The installation, with mesh curtains and a flat beige carpet pulling one through the third floor gallery in a meandering path, plays brilliantly off the museum’s rough concrete walls and ceiling grid. It opens a soft, secret, shadowed space within the building, a kind of grotto, for these fleshy figures. Some depict characters from Hindu mythology, some depict people, and some depict plants. All have a fundamental axial symmetry that recalls bodies and trees, and curved surfaces that recall organs and leaves.
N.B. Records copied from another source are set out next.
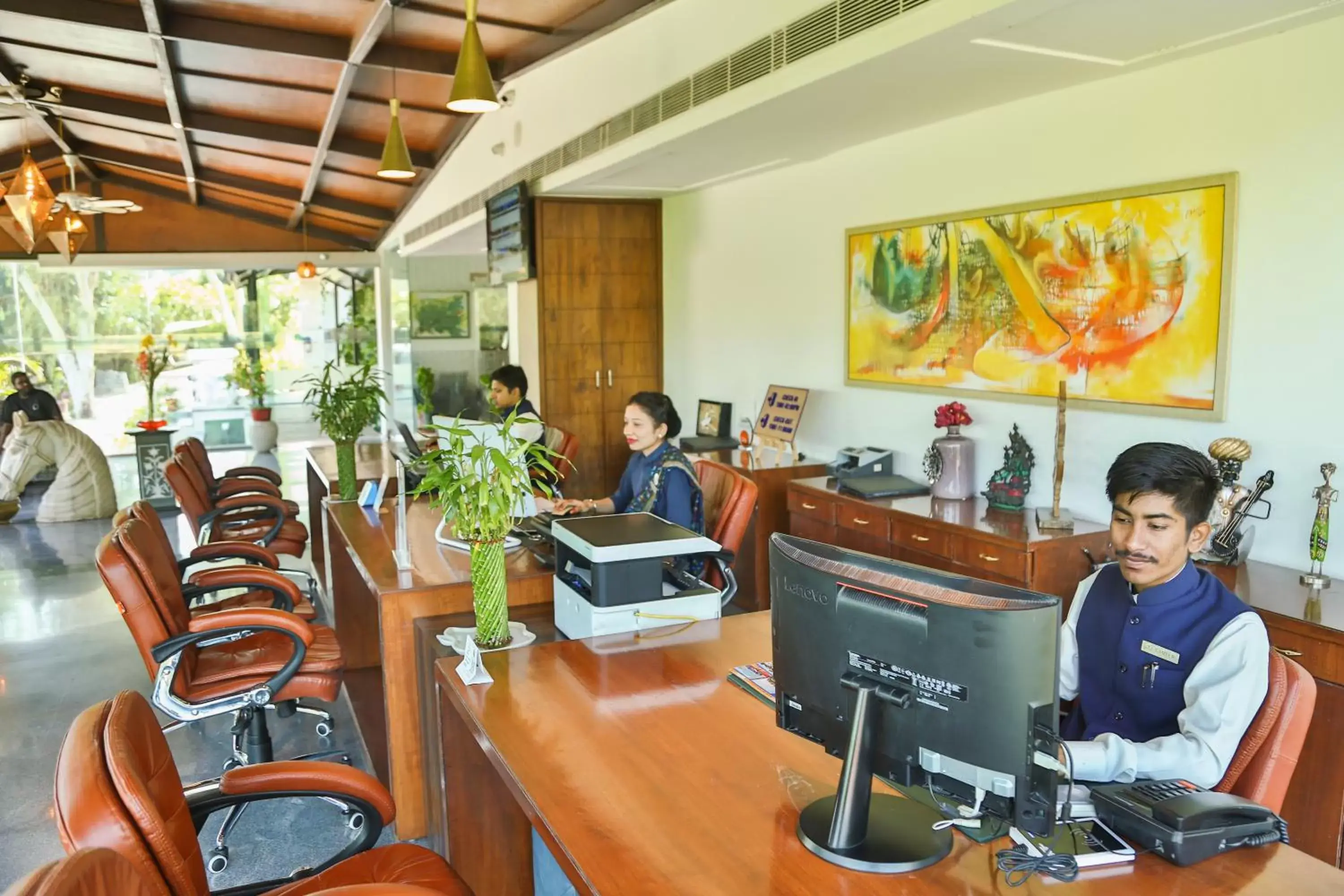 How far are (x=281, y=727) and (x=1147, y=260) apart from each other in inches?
156

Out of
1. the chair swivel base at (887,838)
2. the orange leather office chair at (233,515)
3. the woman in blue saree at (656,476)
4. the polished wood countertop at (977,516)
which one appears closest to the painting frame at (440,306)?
the orange leather office chair at (233,515)

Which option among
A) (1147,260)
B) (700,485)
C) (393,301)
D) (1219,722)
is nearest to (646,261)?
(700,485)

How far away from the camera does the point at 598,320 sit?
7008 mm

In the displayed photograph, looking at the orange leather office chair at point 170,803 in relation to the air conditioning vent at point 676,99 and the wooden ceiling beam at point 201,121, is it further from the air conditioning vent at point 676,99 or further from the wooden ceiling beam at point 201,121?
the wooden ceiling beam at point 201,121

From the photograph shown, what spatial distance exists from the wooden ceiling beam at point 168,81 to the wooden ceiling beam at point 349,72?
1033mm

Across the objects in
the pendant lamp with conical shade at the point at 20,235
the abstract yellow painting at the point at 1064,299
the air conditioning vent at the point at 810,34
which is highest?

Weekend visitors were chatty, discussing, with various degrees of success, the iconography (”Look, it’s the peacock god!”), the work (”It’s meant to be seen in the round, not like this.”), and the artist (”She died in 2015”). It’s all rather priceless, since many didn’t know Mukherjee’s work until reading Holland Cotter’s rapturous review in the Times, or hearing about the show through word-of-mouth. At least this crowd took the work seriously. For many this show will be understood as womens art, Asian art, textile art, folk art, and craft, or, cynically, as a political corrective to museum shows celebrating the work of well-known white men. This is, simply, figural sculpture. It can compete with the marble figures on display in the classical wing at The Met, and, in terms of sheer physical charisma, it can win.